(Stored items)
###
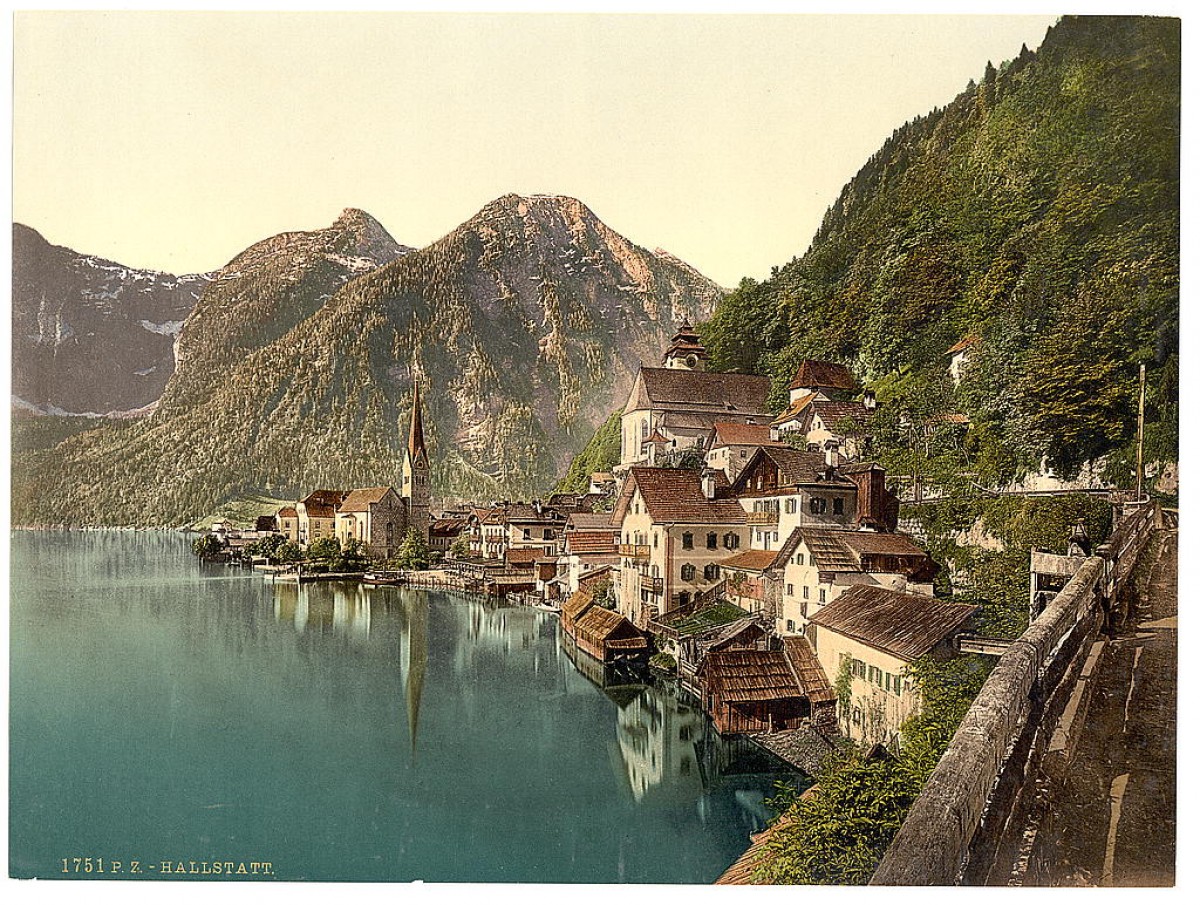 Halštat, Austrija, oko 1900. god. (Hallstatt)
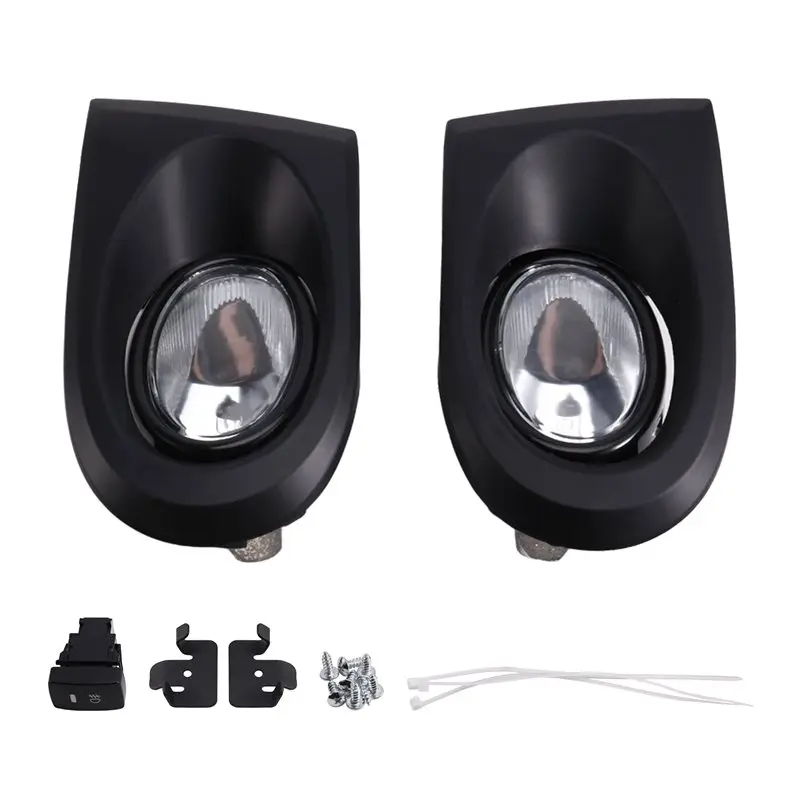 A21F-Car Front Bumper Light For Acura RSX 2002 2003 2004 Drive Fog Lamp Harness Kit Fog Light Cover
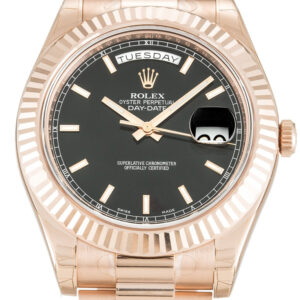 Rolex Day-Date II Black Dial 218235-2 40 mm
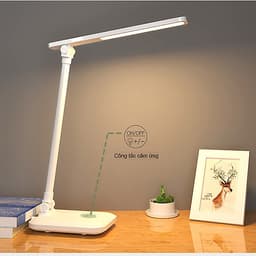 Đèn Bàn Học LED USB Di Động Cao Cấp Có Thể Gập Hai Chỗ – 03 Chế Độ Ánh Sáng Vàng Bảo Vệ Mắt Chống Cận - Hàng Chính Hãng  miDoctor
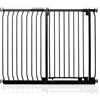 Safetots Cancelletto di Sicurezza Elite Extra Alto, 116cm - 125cm, Nero Opaco, Extra Alto con 96.8cm di Altezza, Cancelletto di Sicurezza a Pressione per Scale, Barriera di Sicurezza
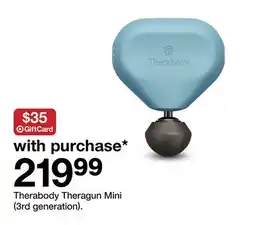 Target Therabody Theragun Mini (3rd generation) offer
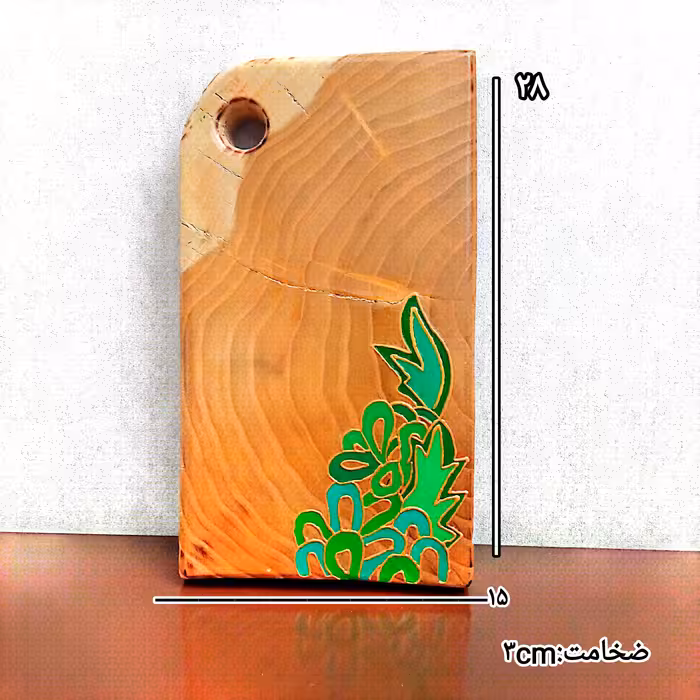 تخته گوشت چوبی چندضلعی طرحدار 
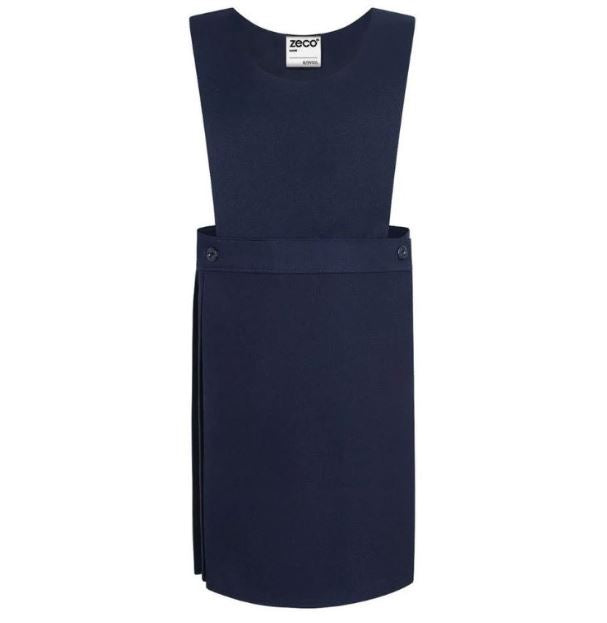 Classic Pinafore Pleated - Navy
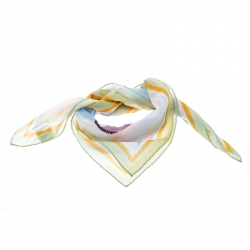 Pre Owned وشاح شانيل فيفا كوكو كوبا ليبريه قطن منقوش متعدد الألوان مربع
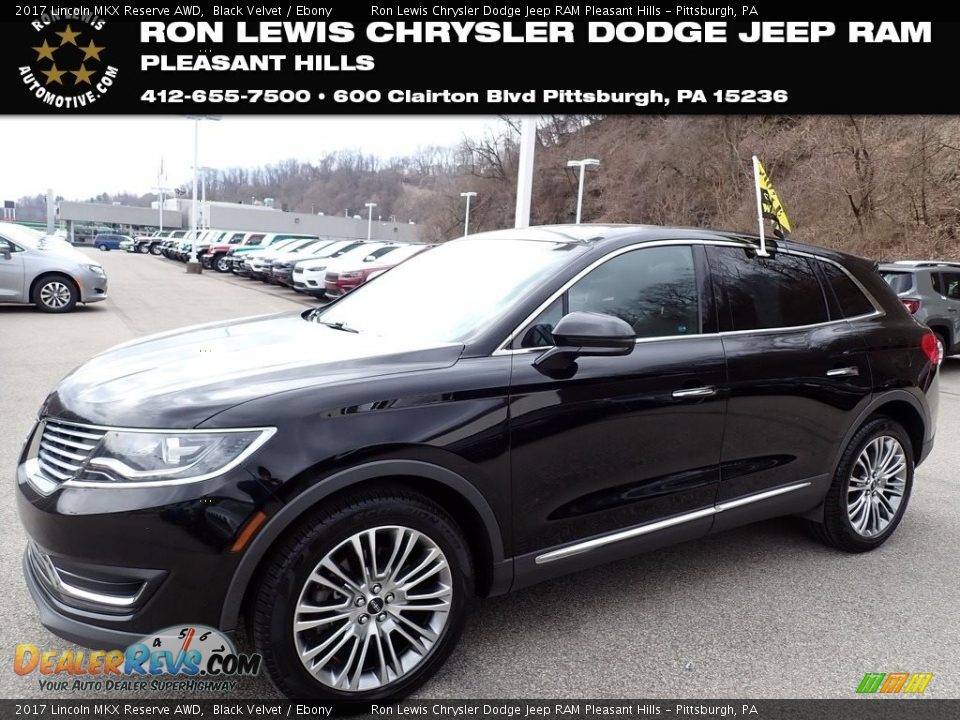 2017 Lincoln MKX Reserve AWD Black Velvet / Ebony Photo #1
###
• _WHAT YOU SHOULD DO_: Each line from the one containing "تخته گوشت چوبی چندضلعی طرحدار" through the last line above should be retyped exactly, and no other line. Any picture is to be left out.

• _REPLY TO THE EXERCISE_:
 تخته گوشت چوبی چندضلعی طرحدار 
 Classic Pinafore Pleated - Navy
 Pre Owned وشاح شانيل فيفا كوكو كوبا ليبريه قطن منقوش متعدد الألوان مربع
 2017 Lincoln MKX Reserve AWD Black Velvet / Ebony Photo #1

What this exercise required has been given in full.